Commercial serologic tests for diagnosis of H. hepaticus infections are not available. However, using cellular particles, membrane digested products or recombinant antigens, the anti H. hepaticus specific IgGs have been evaluated by ELISA test (22). Because of cross-reaction between H. hepaticus and H. pylori, antiserums against H. pylori can be used for detection of H. hepaticus in mice liver tissue by immunohistochemistry with biotin avidin (1). Commercial kits using polyclonal antibodies against H. pylori have been evaluated for specific detection of H. pylori in human biological samples such as stool (23). However, for the reason of cross-reaction between H. pylori and hepaticus, these commercial antibodies cannot be used for the detection of H. hepaticus infection in humans. However, a new monoclonal antibody obtained from hybridoma clone (HRII-51) has shown a high specificity for H. hepaticus without any cross-reaction with other gastrointestinal bacteria. Using ELISA, the sensitivity and specificity of this antibody directed against a 15 KDa molecular weight immune reactive antigen have been reported 87% and 97.6%, respectively (22).
Polymerase chain reaction
Using the commercial kits conceived for DNA extraction from tissue, H. hepaticus have been identified by PCR in scratched samples from cecum (24). Nucleotide sequences of ureAB genes have been employed in RFLP and PCR test for identification of H. hepaticus. Real time PCR has also been developed for identifying H. hepaticus in cecum and fecal samples by detection of cdtB gene (25).
Virulence Factors
Cytolethal distending toxin (CDT)
CDT is a heterodimeric A-B2 toxin protein encoded by three neighboring genes namely cdtA, cdtB and cdtC, which are essential for cellular cytotoxicity (20). CdtA and CdtB subunits create non-globular amino acid extensions and these extensions interact with CdtC subunit (26). CdtB is a conserved component of holotoxin in CDT producing bacteria and CdtA is responsible for attaching to the cell membrane, while CdtC helps to transmit CdtB into the nucleus (27). The nature of surface receptor for this toxin is not fully understood but contact of CDT with healthy lipid rafts is needed for its entry via dynamin dependent endocytosis. Fig. 3, schematize the retrograde transmission of toxin via Golgi complex to endoplasmic reticulum and then to the nucleus where its toxic effects may be manifested (27). CdtB is an Mg+2 and Ca+2 dependent neutral nuclease, containing DNA hydrolyzing and cation binding domains (28). It hydrolyzes the double strands DNA via phosphodiester bounds and creates the mono and oligo deoxyribonucleotides. After entry to target cells, CDT can progressively cause cytoplasm and nuclear extension, and stop cell growth in G2/M phase of eukaryotic cell cycle (28). Thus, by preventing the growth of the infected host cells, CDT helps in the persistence of infection. By its direct and /or indirect effects on T cell and antigen presenting cells, CDT is also able to interrupt the immune response.
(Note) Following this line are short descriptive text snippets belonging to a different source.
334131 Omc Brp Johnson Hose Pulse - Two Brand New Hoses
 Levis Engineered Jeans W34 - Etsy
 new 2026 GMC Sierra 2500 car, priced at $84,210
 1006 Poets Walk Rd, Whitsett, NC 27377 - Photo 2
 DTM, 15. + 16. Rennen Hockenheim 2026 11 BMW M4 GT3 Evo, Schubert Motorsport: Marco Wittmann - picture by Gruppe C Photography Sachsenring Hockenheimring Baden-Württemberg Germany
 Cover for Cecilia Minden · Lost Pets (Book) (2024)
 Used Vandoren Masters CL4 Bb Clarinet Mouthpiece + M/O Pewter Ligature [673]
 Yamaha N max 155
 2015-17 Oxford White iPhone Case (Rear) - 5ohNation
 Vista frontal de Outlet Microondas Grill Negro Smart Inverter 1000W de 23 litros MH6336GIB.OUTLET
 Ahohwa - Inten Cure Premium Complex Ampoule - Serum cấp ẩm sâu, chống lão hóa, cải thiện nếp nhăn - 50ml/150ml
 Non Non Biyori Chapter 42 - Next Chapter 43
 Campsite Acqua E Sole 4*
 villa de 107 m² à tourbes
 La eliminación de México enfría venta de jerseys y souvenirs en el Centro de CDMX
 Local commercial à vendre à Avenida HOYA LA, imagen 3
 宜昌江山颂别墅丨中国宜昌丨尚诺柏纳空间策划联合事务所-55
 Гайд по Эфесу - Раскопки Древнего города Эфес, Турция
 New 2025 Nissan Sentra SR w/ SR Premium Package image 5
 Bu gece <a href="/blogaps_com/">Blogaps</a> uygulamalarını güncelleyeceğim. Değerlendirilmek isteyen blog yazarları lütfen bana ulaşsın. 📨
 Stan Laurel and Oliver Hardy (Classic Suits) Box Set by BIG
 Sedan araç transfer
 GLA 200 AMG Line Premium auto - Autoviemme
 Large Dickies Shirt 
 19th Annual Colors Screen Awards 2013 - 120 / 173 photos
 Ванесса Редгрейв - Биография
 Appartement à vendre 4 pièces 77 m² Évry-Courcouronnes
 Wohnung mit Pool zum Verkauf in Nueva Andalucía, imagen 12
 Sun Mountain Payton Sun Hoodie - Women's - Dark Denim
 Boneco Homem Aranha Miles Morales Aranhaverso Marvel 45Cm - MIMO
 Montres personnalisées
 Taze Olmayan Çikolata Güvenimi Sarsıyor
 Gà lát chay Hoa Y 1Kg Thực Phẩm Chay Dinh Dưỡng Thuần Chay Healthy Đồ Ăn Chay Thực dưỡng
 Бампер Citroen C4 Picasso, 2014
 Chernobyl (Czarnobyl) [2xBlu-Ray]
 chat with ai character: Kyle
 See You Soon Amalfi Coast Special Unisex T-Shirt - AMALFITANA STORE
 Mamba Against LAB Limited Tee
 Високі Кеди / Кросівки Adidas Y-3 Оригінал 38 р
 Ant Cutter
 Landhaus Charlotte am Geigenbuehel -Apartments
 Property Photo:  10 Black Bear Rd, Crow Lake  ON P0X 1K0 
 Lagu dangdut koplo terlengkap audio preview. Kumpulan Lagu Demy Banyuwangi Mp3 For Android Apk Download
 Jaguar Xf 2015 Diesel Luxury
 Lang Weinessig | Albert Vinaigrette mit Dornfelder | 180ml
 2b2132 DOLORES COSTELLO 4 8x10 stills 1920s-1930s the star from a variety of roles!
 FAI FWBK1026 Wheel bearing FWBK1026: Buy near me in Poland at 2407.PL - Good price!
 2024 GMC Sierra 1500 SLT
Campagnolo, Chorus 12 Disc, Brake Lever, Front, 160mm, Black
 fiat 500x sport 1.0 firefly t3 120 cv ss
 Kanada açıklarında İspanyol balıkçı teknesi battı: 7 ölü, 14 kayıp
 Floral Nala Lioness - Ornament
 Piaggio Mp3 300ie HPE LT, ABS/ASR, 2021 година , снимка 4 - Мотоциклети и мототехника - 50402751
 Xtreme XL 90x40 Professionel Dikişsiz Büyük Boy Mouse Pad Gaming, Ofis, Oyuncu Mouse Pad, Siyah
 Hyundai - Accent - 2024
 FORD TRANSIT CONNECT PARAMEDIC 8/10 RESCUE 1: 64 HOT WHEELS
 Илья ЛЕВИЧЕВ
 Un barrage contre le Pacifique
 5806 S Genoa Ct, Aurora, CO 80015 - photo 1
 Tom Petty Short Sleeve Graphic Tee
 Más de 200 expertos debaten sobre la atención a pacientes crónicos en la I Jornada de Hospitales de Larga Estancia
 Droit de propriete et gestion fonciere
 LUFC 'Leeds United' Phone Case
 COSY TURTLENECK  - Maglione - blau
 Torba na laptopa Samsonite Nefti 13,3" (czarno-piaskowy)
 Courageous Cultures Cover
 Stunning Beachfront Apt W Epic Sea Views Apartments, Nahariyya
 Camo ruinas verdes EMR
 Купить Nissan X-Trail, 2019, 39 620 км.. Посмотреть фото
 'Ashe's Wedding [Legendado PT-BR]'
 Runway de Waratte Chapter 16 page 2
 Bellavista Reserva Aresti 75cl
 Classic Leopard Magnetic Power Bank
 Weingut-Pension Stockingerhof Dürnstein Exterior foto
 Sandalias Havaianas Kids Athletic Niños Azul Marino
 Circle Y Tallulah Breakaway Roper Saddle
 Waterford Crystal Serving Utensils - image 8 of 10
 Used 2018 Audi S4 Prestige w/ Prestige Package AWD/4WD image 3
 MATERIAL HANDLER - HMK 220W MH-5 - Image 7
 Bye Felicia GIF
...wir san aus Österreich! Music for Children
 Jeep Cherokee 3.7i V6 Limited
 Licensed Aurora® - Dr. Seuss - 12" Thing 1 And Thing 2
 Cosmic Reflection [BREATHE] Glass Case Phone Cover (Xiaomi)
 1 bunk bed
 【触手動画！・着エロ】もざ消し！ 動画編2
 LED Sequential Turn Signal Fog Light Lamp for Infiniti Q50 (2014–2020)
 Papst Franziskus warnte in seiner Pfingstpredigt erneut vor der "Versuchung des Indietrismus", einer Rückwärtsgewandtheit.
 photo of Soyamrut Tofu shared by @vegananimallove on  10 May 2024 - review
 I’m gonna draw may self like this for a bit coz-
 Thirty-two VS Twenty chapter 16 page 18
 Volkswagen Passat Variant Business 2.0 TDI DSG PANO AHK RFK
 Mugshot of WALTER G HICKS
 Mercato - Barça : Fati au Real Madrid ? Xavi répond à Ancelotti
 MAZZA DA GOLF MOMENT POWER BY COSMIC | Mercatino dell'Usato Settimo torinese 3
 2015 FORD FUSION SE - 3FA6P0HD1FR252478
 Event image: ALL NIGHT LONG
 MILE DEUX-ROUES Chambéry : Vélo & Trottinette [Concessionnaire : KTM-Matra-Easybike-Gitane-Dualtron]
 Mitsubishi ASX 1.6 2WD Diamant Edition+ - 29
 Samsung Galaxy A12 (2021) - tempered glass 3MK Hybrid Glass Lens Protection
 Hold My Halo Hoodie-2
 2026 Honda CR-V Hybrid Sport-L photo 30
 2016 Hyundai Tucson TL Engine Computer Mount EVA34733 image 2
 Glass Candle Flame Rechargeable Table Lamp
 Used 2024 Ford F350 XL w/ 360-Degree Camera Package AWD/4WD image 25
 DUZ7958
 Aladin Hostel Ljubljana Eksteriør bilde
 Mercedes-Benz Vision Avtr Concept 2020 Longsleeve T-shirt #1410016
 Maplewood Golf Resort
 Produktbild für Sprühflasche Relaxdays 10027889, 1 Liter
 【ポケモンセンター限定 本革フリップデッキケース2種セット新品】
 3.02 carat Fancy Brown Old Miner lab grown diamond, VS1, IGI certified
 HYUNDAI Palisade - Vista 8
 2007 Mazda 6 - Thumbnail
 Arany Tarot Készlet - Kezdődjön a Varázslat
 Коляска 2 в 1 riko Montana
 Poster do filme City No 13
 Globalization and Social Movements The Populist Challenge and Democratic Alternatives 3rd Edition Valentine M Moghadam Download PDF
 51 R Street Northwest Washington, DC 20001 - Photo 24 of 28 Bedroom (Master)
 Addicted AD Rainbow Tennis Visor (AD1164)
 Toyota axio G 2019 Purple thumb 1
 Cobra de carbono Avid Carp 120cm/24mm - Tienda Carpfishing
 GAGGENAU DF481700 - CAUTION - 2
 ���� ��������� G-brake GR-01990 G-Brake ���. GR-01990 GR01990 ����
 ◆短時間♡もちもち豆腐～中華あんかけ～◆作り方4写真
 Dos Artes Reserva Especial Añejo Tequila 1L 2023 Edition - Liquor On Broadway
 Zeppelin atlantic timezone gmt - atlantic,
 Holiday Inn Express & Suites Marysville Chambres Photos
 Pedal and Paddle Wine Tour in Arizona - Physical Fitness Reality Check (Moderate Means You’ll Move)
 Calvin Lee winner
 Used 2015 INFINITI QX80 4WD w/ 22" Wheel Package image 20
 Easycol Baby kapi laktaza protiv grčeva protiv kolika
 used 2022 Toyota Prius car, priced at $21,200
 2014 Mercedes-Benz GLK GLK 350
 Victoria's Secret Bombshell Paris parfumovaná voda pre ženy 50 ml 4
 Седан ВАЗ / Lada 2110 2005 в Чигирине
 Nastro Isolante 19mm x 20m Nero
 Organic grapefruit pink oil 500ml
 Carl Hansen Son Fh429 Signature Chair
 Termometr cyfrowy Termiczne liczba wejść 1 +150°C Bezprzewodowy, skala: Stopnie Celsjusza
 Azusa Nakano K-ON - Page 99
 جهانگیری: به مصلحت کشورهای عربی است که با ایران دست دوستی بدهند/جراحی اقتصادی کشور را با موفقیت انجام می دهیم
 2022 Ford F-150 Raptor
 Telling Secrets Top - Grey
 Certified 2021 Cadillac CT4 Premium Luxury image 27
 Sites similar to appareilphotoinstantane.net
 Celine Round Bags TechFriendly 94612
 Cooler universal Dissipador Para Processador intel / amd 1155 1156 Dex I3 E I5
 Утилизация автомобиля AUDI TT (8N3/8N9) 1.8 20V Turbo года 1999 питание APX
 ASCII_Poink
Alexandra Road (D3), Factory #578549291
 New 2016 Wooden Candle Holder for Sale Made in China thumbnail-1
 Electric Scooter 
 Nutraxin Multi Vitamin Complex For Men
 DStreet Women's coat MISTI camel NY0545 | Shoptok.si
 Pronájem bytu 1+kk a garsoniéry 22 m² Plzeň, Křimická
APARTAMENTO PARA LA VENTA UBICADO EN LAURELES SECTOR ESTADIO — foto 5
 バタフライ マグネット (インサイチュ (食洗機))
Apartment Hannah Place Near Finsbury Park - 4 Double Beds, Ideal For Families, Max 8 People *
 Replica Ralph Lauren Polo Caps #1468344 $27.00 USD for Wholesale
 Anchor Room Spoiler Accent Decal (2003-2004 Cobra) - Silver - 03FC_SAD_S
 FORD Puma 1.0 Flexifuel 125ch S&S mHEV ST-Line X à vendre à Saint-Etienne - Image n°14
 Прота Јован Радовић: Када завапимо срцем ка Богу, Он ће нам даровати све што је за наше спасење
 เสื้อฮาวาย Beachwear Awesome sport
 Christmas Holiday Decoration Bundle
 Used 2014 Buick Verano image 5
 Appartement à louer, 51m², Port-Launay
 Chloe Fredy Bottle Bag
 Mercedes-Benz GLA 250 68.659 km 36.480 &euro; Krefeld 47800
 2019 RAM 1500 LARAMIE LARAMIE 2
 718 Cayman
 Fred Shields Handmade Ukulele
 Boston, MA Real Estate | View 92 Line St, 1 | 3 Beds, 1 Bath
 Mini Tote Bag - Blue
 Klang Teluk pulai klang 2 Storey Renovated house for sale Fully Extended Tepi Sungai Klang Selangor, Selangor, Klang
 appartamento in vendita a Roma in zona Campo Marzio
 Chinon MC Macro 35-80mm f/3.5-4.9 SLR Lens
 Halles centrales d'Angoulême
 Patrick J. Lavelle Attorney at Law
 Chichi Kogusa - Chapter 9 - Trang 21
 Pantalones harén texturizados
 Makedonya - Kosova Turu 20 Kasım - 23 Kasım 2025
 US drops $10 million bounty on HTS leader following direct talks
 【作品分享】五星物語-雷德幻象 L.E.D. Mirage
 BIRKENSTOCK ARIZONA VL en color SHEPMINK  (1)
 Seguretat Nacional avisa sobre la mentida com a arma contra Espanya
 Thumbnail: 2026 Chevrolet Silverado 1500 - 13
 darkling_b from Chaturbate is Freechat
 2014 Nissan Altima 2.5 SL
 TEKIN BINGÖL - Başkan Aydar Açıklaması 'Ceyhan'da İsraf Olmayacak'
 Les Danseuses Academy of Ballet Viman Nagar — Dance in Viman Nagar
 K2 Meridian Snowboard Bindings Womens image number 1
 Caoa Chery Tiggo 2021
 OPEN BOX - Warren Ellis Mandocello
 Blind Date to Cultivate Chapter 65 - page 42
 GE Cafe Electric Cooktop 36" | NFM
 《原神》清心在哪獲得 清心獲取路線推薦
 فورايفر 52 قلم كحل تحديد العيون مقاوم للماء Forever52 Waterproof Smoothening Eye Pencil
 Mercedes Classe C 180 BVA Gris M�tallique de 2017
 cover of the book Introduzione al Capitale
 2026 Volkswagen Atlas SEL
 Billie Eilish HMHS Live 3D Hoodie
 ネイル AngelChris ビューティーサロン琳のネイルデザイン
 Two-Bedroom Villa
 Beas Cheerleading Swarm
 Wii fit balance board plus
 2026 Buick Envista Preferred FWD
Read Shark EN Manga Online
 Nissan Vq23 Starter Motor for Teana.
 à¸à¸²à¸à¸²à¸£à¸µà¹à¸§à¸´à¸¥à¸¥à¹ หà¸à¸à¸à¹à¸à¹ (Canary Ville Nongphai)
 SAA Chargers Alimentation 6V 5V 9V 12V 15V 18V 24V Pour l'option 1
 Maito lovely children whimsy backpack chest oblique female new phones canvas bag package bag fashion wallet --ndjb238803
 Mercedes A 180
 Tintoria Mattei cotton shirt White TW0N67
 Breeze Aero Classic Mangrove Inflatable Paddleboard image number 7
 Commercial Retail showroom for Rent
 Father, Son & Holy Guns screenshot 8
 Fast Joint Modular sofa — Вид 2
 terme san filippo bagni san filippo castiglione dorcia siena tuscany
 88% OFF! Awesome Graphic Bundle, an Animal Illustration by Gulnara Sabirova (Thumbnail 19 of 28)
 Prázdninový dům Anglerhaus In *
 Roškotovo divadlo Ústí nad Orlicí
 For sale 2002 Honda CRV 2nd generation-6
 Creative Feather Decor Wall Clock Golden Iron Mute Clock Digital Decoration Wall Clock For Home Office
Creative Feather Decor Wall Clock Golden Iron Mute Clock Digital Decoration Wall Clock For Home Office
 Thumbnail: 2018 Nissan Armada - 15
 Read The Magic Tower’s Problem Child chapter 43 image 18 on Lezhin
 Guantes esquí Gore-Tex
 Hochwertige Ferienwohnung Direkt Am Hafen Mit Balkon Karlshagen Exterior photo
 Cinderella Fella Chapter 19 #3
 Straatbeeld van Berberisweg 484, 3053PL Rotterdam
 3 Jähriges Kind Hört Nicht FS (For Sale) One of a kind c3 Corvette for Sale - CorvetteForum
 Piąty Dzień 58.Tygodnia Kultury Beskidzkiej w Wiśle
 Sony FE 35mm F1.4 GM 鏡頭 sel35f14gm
Therefore, CTD play a principal role in colonization of intestinal tract and increases the severity of mucosal inflammation in the liver diseases of sensitive mice strains (29).
Fig. 3.
Pathway of CDT entry to the host cell (27).
It was also revealed that CDT of H. hepaticus plays a principal role in the activation of pre-inflammatory NF-kB pathway during the progress of infectious hepatitis to dysplasia injuries and increases hepatocytes development. Pre-inflammatory NF-kB pathway is activated during the progress of infectious hepatitis to dysplasia injuries; therefore, CDT may have the carcinogenic potential in vivo conditions (30). Induction of apoptosis throughout H. hepaticus infection was also observed and apoptotic bodies are formed in the last apoptotic stage, which can induce anti-inflammatory cytokines and reduce the pre-inflammatory cytokines for facilitating immune inhibitory effects. Apoptosis could be induced via two major pathways: Extrinsic pathway that starts with activation of death receptors while intrinsic pathway is activated with a change in mitochondrial membrane potential. Experiments have revealed that contact of the INT407 cells with CDT activates caspase 3, 7, 9, suggesting involvement of mitochondrial apoptosis in the case of H. hepaticus infection (31).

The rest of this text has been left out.